Now, the ORDLO representatives are demanding a total amnesty for themselves and their war-crime committing accomplices (including for committing terrorist acts) before releasing hostages like Zhemchugov, whose life depends on receiving treatment, or proceeding to implement the clause of the Minsk agreement on holding local elections.

The “amnesty” clause of the Minsk agreements has been questioned by human rights groups – the scale of human rights violations is estimated to be so gross that establishing justice is unthinkable without investigating the gravest ones. A joint report by human rights organizations found that  every second prisoner held in the ORDLO prison was  tortured, and 16% witnessed executions.
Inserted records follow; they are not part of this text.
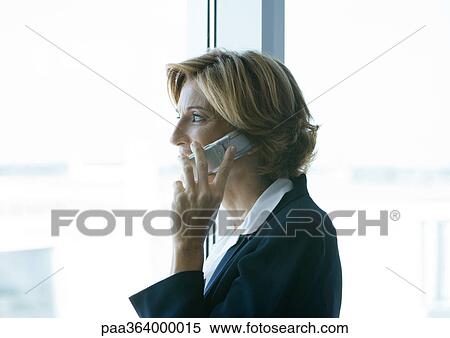Woman using cell phone View Large Photo Image Stock Photography - Woman using cell phone. Fotosearch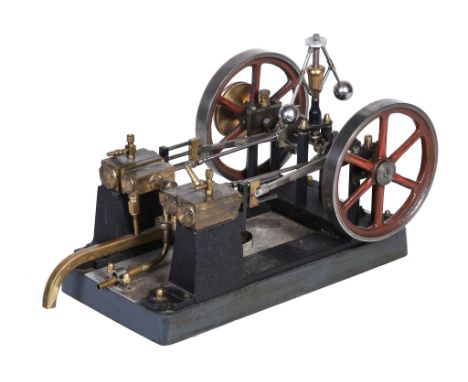  An early model of a twin simple horizontal live steam mill engine,   the brass cylinders with oiler cups, eccentric driven s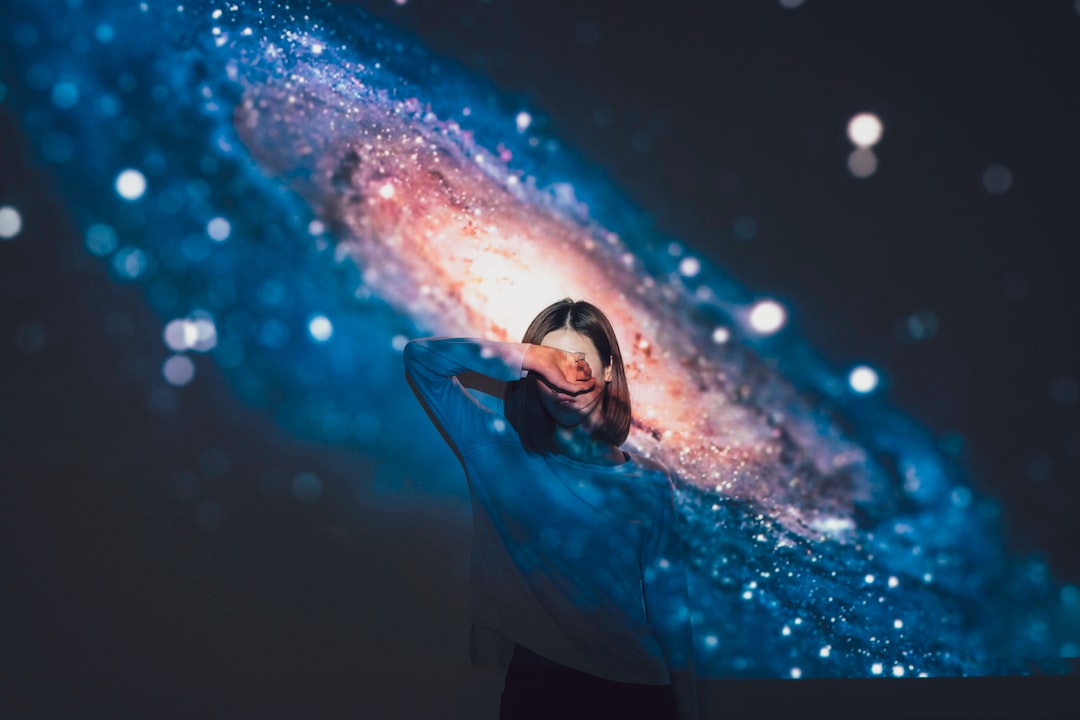 woman covering her face using right hand with galaxy background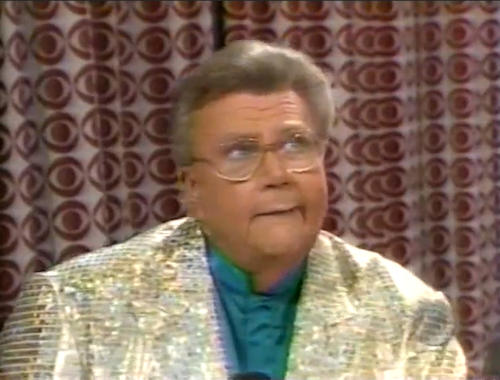 Rod is wearing a gold sequined jacket & dark-green collarless silk shirt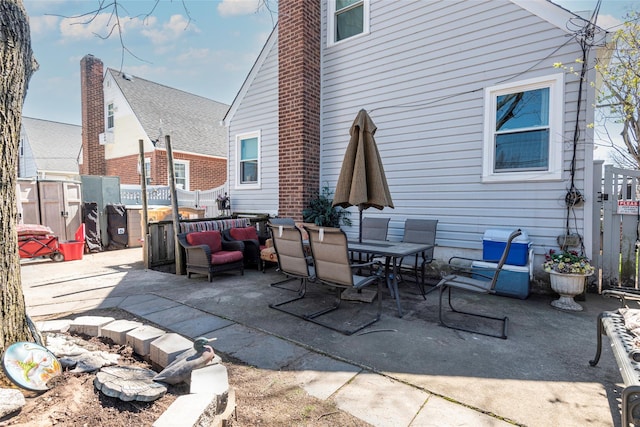 view of patio with outdoor dining space and fence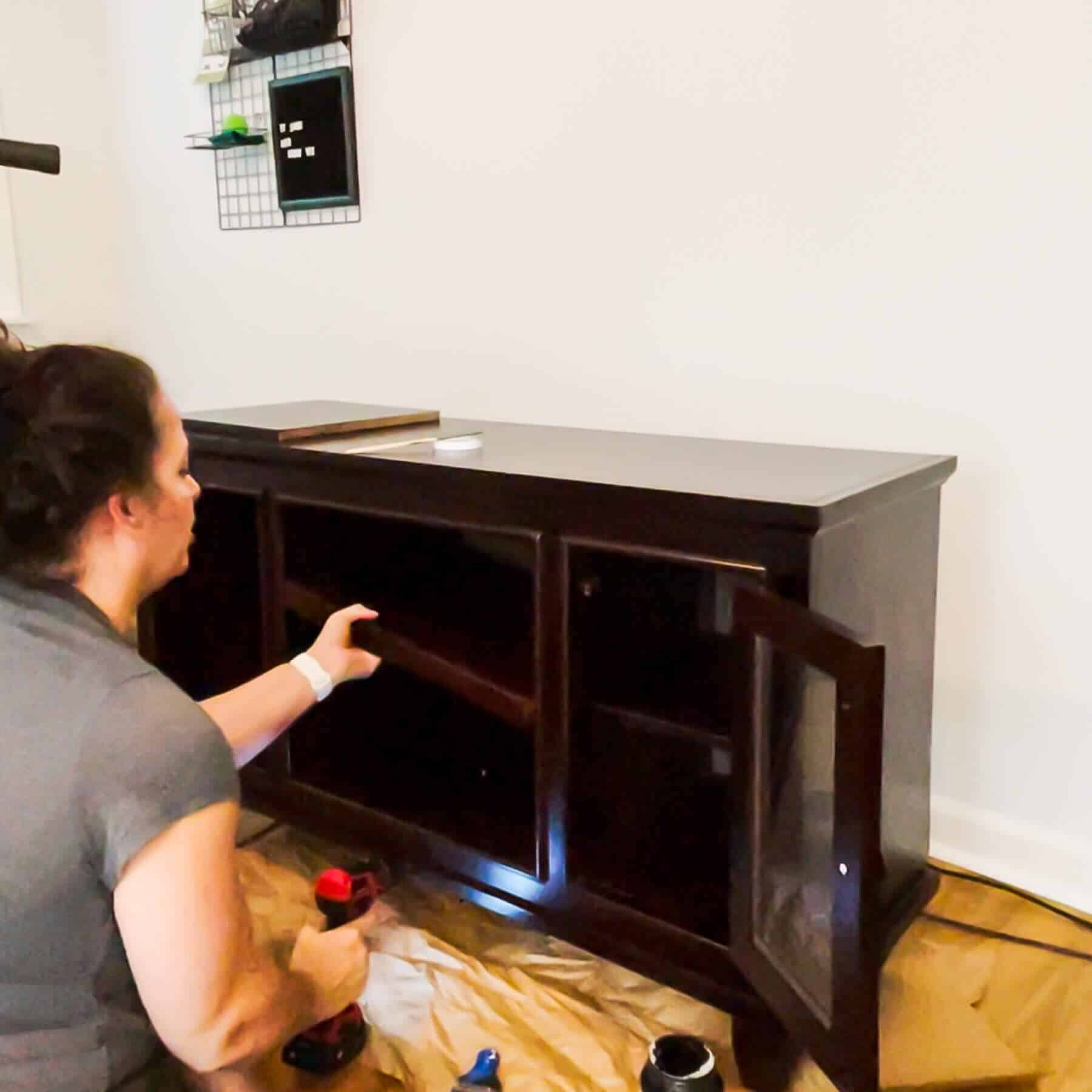 woman removing shelves from an entertainment center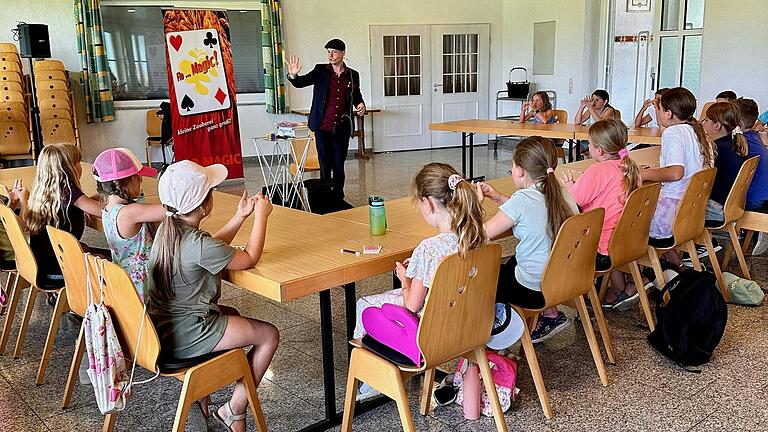 Die Kinder hören dem Zauberkünstler Mr. Flo aufmerksam und gespannt zu.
“The lives of 130 people cannot be contingent on the holding of elections through which Russia wants to legalize its control of occupied territories and force Ukraine to subsidize them. Nor can they depend on total amnesty for all ‘in relation to events that took place in particular districts of Donetsk and Luhansk oblasts of Ukraine,’ so that contrary to the provisions of international human rights laws, Motorola (nom de guerre of Russian citizen and resident, and now Donbas mercenary and executioner Arseniy Pavlov), who personally finishes hostages off, can be released from any responsibility,”

wrote Oleksandra Matviychuk back in January 2016.

Together with the prolonged, simmering war in Donbas, which is stressing the unity of EU’s anti-Russia sanctions, the Kremlin-backed militants are using Ukrainian hostages to pressure Ukraine into conforming to their desires and securing Russian control over Ukraine.

You can draw attention to the case by posting materials with the hashtags #FreeDonbasHostages and #FreeZhemchugov to social media.